Quel rivoluzionario fascio-comunista

Quel rivoluzionario fascio-comunista

L'immagine è quella di un uomo fiero, fronte alta, petto in fuori, che guarda in faccia il plotone d'esecuzione dei partigiani - a Dongo, il 28 aprile 1945 -, con lo stesso sguardo, la stessa indomita baldanza di quando, solo poche settimane prima, aveva «arringato» i fascisti convenuti al cinema Grattacielo e a De Ferrari, nel centro di Genova ferito a morte dai bombardamenti di una Seconda Guerra Mondiale ormai all'epilogo. Si mostrava così, com'era sempre stato, Nicola Bombacci, «rivoluzionario fascio-comunista», fedele fino all'ultimo alla natura di ossimoro vivente, di strenuo promotore, e insieme espressione, degli opposti che si attraggono fino a fondersi e soprattutto a confondersi, in uno stato di equilibrio perennemente instabile.
Di lui si può tornare a parlare, oggi, con più razionale distacco che in passato, anche grazie agli spunti di riflessione, innumerevoli, offerti dal libro di Claudio Cabona, giornalista e giovane studioso di politica e di scienza della politica. Un testo agile, quello di Cabona, eppure esaustivo della figura complessa di Bombacci.
Il quale, lo dimostrano proprio queste pagine, non si può esaurire con una serie di critiche superficiali (ma Dio solo sa quante critiche gli si potrebbero giustamente e storicamente rivolgere!). Meglio, molto meglio cercare di approfondire il percorso ideologico di un personaggio particolarmente scomodo - e questo bene ha fatto, pure in estrema sintesi, l'autore -, ma specialmente allargare l'attenzione allo scenario di quegli anni in cui si agitava il socialista e poi comunista convinto, il rivoluzionario altrettanto convinto, il seguace-sodale, tanto per dire, di Anna Kuliscioff, e di Antonio Gramsci e Amadeo Bordiga (prima di essere da loro respinto per «aver fatto riferimento a una possibile unione delle due rivoluzioni, quella bolscevica e quella fascista»).
Su questo terreno non facile, ma onesto e rigoroso, si muove Cabona, come in un reportage dove, da cronista puro, i fatti sono separati dalle opinioni (che pure ci sono): fra storia e ideologia, fra cronaca e umano sentimento, fra mito e cruda realtà.
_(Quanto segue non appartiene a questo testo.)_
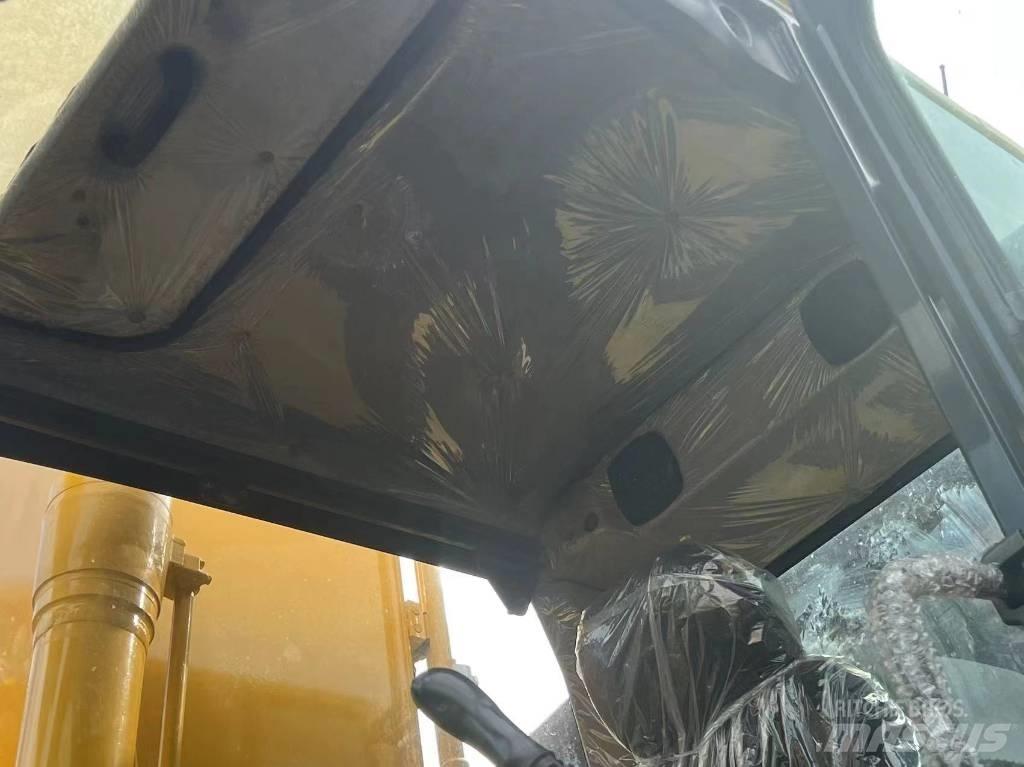 Komatsu PC 200 Midikaivukoneet 7t - 12t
In un centinaio di pagine «che - come sottolinea il professor Stefano Monti Bragadin nell'ampia prefazione - si addentrano nei meandri di un pensiero e di una condotta manifestamente sfaccettati e contorti, ripercorrendone i momenti e le occasioni salienti, cercando senza preconcetti di coglierne le motivazioni di fondo, e darsene una spiegazione, guardando con molta serietà se è mai possibile individuare un significativo filo conduttore».
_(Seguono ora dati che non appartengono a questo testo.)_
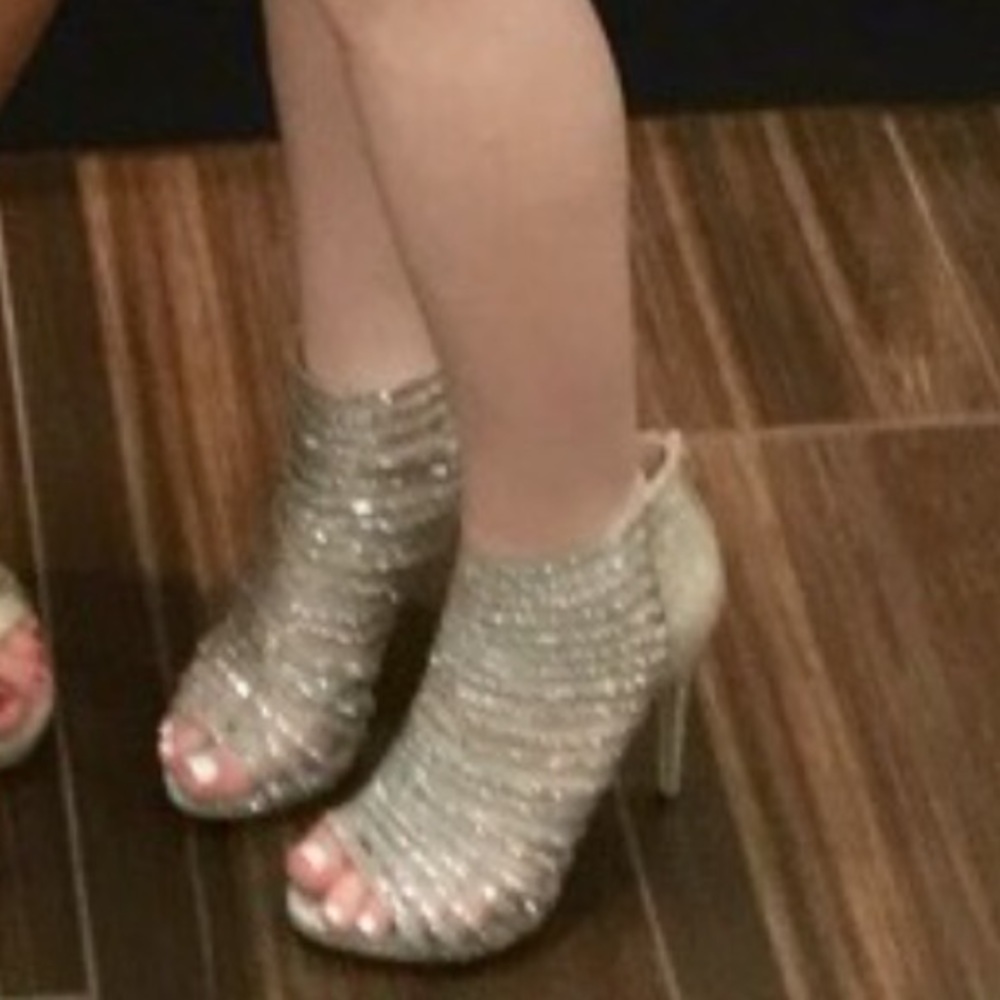 Sparkly sliver INC heels size 5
Trovarlo, si lascia giudiziosamente al lettore. Che di contraddizioni in politica, di tentativi indecenti di conciliare l'inconciliabile - e non per convinzione ideologica, ma per mero opportunismo - ha esempi contemporanei in abbondanza.


Lontani anni luce, peraltro, da quel fascio-comunista, da quel comunista in camicia nera che, a questo punto, si finirebbe persino per rivalutare.
Claudio Cabona, «Nicola Bombacci - Storia e Ideologia di un rivoluzionario fascio-comunista», Liberodiscrivere Edizioni, 94 pagine, 12 euro.